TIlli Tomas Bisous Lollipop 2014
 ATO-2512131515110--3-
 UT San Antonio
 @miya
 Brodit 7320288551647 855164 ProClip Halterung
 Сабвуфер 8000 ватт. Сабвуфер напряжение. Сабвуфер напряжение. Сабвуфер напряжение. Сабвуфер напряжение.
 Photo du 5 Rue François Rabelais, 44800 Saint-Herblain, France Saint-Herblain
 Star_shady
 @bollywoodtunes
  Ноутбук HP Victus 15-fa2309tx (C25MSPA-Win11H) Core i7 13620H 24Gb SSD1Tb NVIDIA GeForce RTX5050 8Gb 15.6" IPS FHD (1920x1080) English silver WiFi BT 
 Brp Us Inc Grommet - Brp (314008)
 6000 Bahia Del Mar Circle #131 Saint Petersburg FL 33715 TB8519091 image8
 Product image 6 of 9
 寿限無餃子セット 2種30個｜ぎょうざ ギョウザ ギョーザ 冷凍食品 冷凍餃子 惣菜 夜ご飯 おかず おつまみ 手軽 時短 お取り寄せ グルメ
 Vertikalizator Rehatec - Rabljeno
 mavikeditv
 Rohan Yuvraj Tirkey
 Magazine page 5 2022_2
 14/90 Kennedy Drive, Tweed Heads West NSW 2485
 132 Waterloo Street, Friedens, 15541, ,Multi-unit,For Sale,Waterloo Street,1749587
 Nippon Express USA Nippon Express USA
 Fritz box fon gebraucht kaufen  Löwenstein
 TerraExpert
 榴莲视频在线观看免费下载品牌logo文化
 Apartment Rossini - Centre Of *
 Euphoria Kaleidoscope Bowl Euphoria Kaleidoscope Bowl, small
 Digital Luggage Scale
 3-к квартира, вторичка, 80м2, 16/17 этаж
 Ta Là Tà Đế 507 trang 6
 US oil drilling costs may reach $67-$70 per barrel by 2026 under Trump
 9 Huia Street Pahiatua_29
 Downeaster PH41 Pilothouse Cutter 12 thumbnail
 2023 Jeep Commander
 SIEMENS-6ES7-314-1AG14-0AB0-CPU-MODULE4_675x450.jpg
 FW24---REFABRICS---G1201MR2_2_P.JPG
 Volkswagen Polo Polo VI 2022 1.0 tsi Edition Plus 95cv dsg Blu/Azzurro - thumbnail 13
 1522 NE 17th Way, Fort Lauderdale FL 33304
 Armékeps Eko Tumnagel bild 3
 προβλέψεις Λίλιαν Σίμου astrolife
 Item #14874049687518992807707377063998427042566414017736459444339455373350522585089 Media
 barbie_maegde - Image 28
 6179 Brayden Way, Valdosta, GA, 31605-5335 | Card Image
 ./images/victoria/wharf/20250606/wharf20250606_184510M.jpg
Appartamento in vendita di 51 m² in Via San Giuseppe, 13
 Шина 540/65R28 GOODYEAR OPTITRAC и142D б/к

Problem to work on » Where the line containing "9 Huia Street Pahiatua_29" appears in the data above, begin there and reproduce every line to the end exactly; include nothing else.

Answer »
 9 Huia Street Pahiatua_29
 Downeaster PH41 Pilothouse Cutter 12 thumbnail
 2023 Jeep Commander
 SIEMENS-6ES7-314-1AG14-0AB0-CPU-MODULE4_675x450.jpg
 FW24---REFABRICS---G1201MR2_2_P.JPG
 Volkswagen Polo Polo VI 2022 1.0 tsi Edition Plus 95cv dsg Blu/Azzurro - thumbnail 13
 1522 NE 17th Way, Fort Lauderdale FL 33304
 Armékeps Eko Tumnagel bild 3
 προβλέψεις Λίλιαν Σίμου astrolife
 Item #14874049687518992807707377063998427042566414017736459444339455373350522585089 Media
 barbie_maegde - Image 28
 6179 Brayden Way, Valdosta, GA, 31605-5335 | Card Image
 ./images/victoria/wharf/20250606/wharf20250606_184510M.jpg
Appartamento in vendita di 51 m² in Via San Giuseppe, 13
 Шина 540/65R28 GOODYEAR OPTITRAC и142D б/к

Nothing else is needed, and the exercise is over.